Why the activity worked

As students interacted with the AI, they needed to be aware of what they understood, what they did not understand, and what questions they had. This process is inherently metacognitive, which is important because monitoring and regulating one’s thinking supports deeper understanding and effective problem solving in mathematics (Boaler, 2023). The activity’s instructions required students to ask clarification questions, explore examples, and consider assumptions or limitations in AI explanations. These requirements shifted the role of AI from delivering answers to supporting inquiry, which preserved the productive cognitive effort necessary for learning (Kosmyna et al., 2025, p. 12).

Collaboration further strengthened the learning. By sharing their findings with the class, students had to externalize their reasoning and defend their interpretations. Collaborative dialogue is an important element of learning, as it forces students to articulate their thinking, compare strategies, and refine understanding through discussion (Smith & MacGregor, 1992).

These design principles ensured that AI acted as a support tool, allowing students to benefit from the technology without displacing the cognitive processes mathematics education seeks to cultivate (Chatfield, 2025).

Implications

Effective AI integration requires intentional instructional dsesign

Effective AI instruction requires intentionality around creating structured frameworks that guide how students interact with these systems during learning activities. Based on both the literature and the findings of this study, effective AI-supported activities follow this framework:

Attempt-first thinking
Students must engage with the problem before consulting AI.
Guided questioning
Students interact with AI through clarification, critique, or application.
Collaborative reflection
Students share findings and reasoning with peers to validate understanding.

Conclusion

The importance of holistic math education in the AI Era

John Dewey, an American psychologist, philosopher, and educational reformer, believed that education should train the habit of reflective thinking. When speaking about education, he said, “To maintain the state of doubt and to carry on systematic and protracted inquiry—these are the essentials of thinking." Returning to this simple yet profound truth is essential, as mathematics learning, at its core, is a discipline of thinking. In the AI Era, learning is no longer defined by access to answers, and thinking can be easily outsourced if AI use is not intentionally guided. Mathematics learning, as emphasized by research, is grounded in metacognition, sense-making, and the ability to reason through complex problems. Therefore, mathematics education requires intentional refinement; where math teachers thoughtfully integrate AI into learning and redesign tasks to prioritize reasoning, reflection, and mathematical thinking.

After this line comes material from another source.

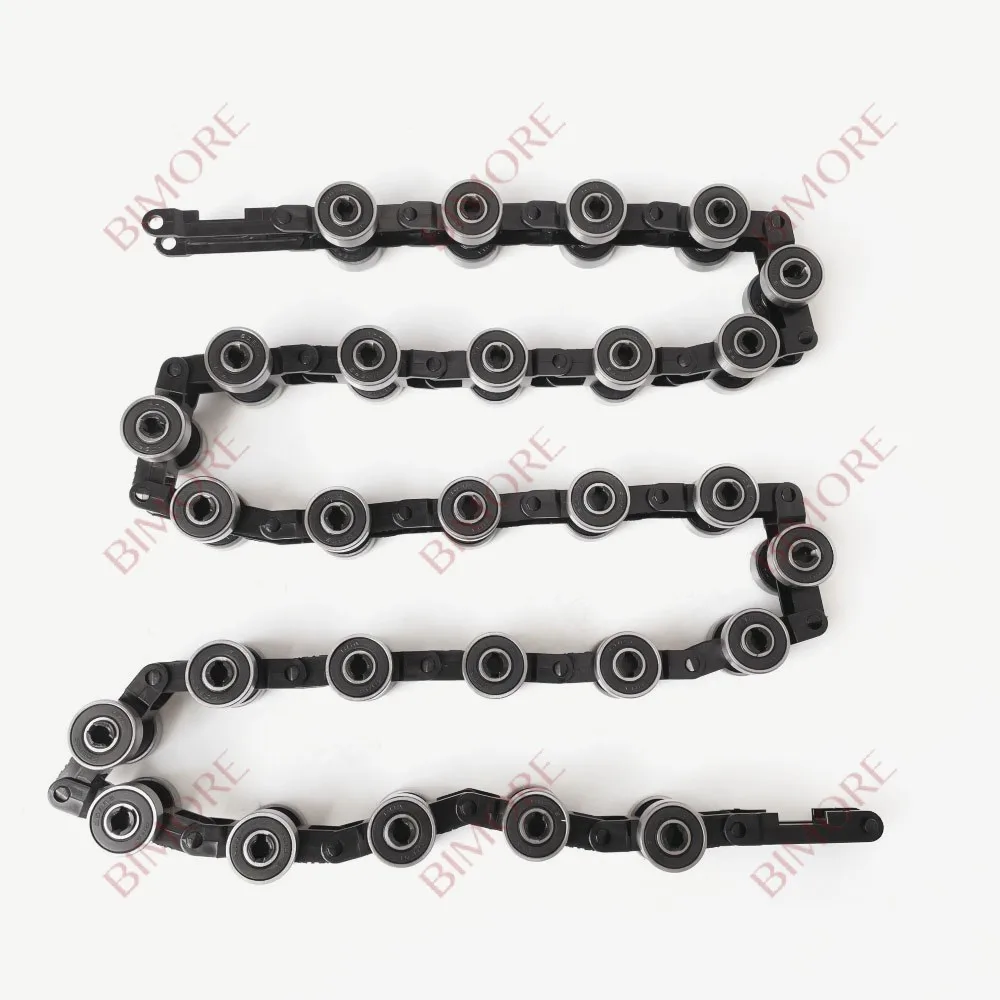 4pcs KM5070679G01 Escalator Handrail Newel Chain 28 Pairs of Bearings 56 Rollers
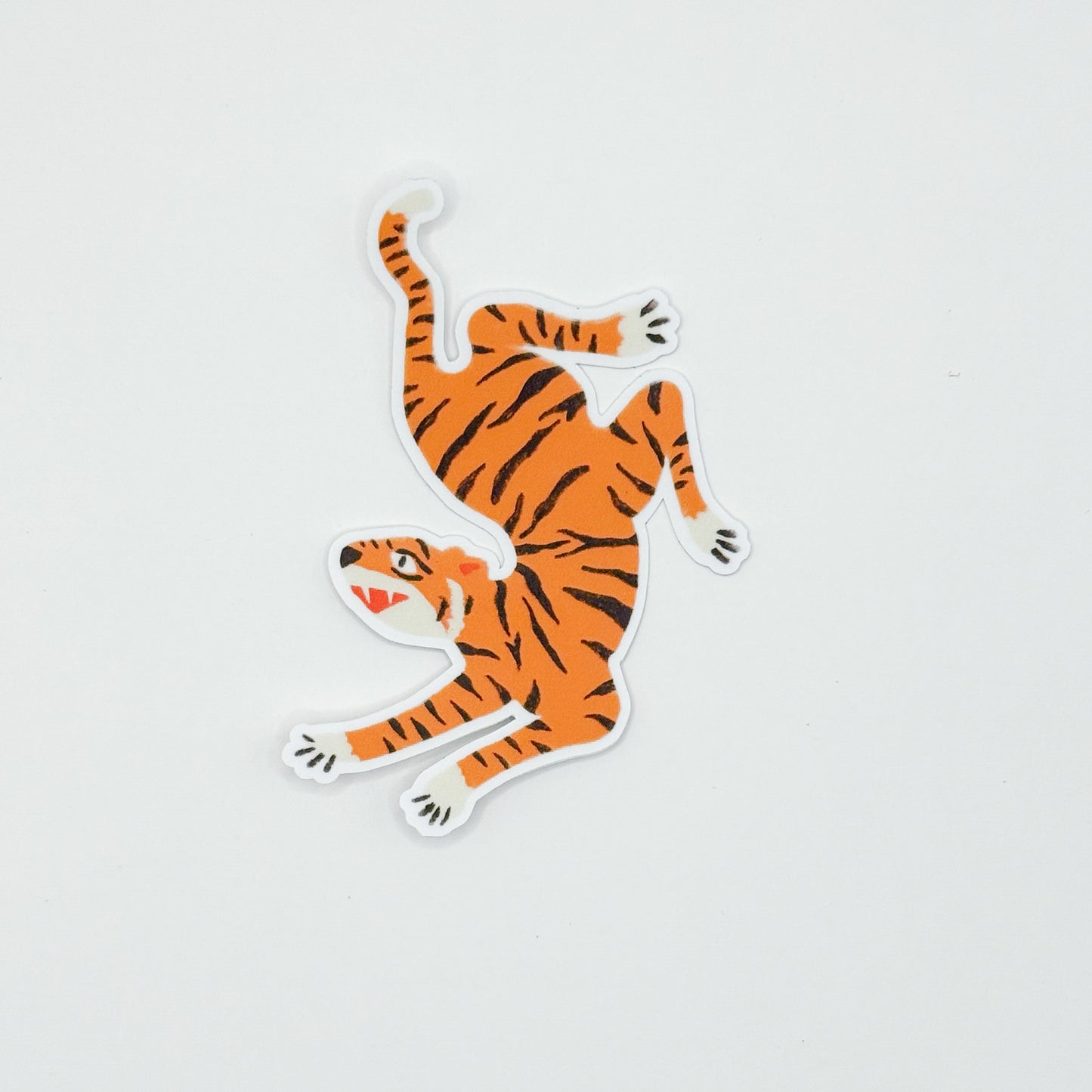 Terrific Tiger Vinyl Sticker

This study positions AI as a tool that amplifies the structures around which it is implemented. Bad conditions will deteriorate thinking, while good conditions develop thinking. The same system that can generate immediate solutions can also, when properly constrained, extend inquiry, challenge assumptions, and support deeper conceptual understanding. The question shifts from whether AI should be present in mathematics classrooms, to how its presence is designed.

In the AI Era, the importance of holistic mathematics education is essential. Students must learn not only how to solve problems, but how to interpret, question, and validate outputs.

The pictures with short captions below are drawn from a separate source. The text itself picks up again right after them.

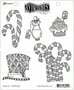 Dylusions cling stamp set - Drink me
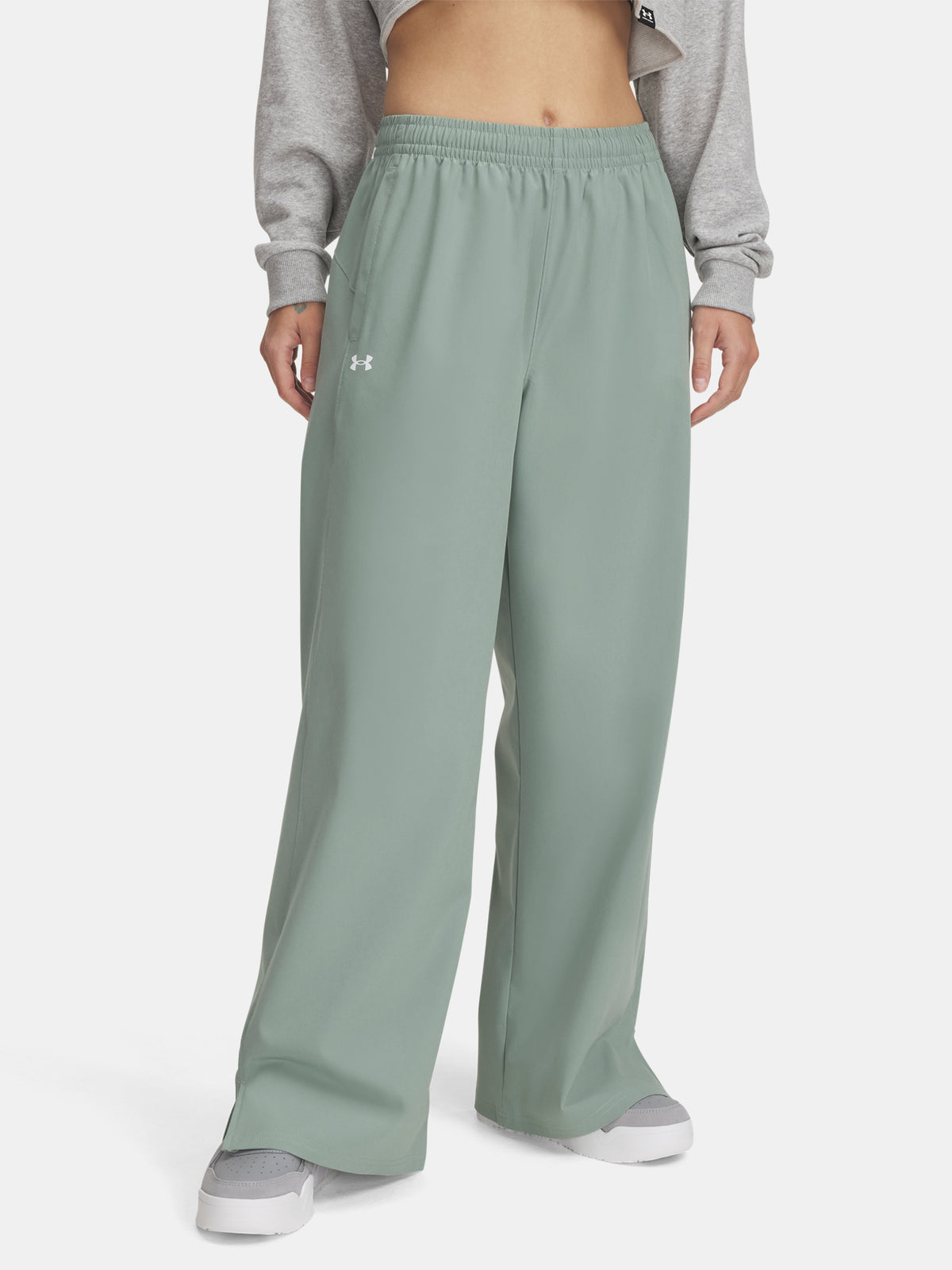Under Armour Nõi UA Rival Wide Leg sportnadrág nadrág 1386453-348
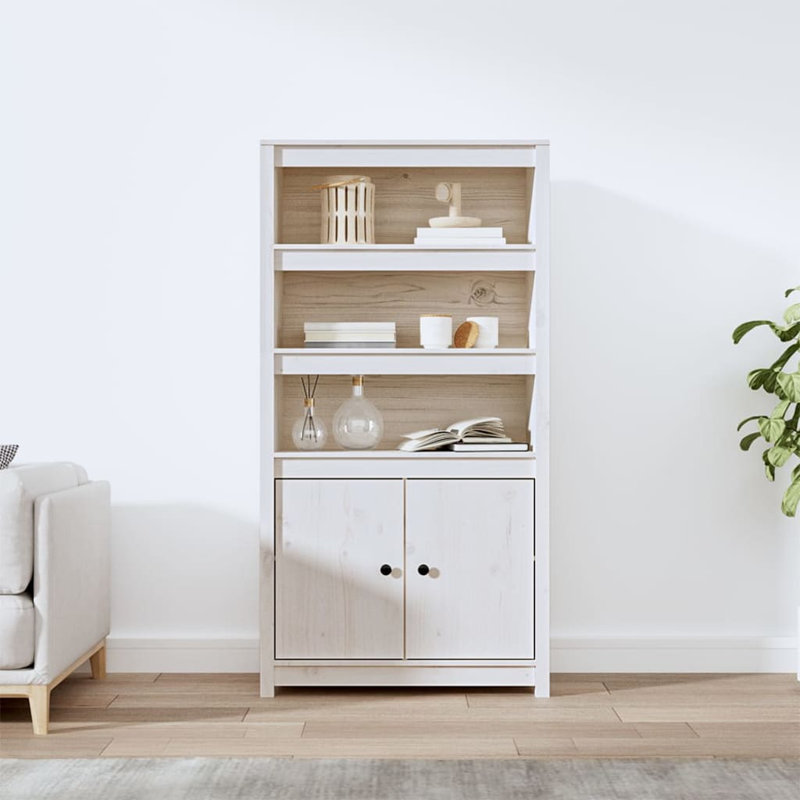 154cm Kitchen Pantry, White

The AI Era evolves the role of the teacher as well. The teacher of tomorrow is not just a knowledge transmitter or evaluator of correctness, but a designer of learning environments that preserve cognitive effort, and a wisdom and experience sharer who pushes students to unlock their unique potential.

If approached with intention, AI has the potential to elevate math education, serving as an individualized thought partner that deepens higher-order thinking, strengthens self-efficacy, and makes learning more engaging through personally meaningful connections. In doing so, it reinforces the very habits of inquiry that define meaningful learning.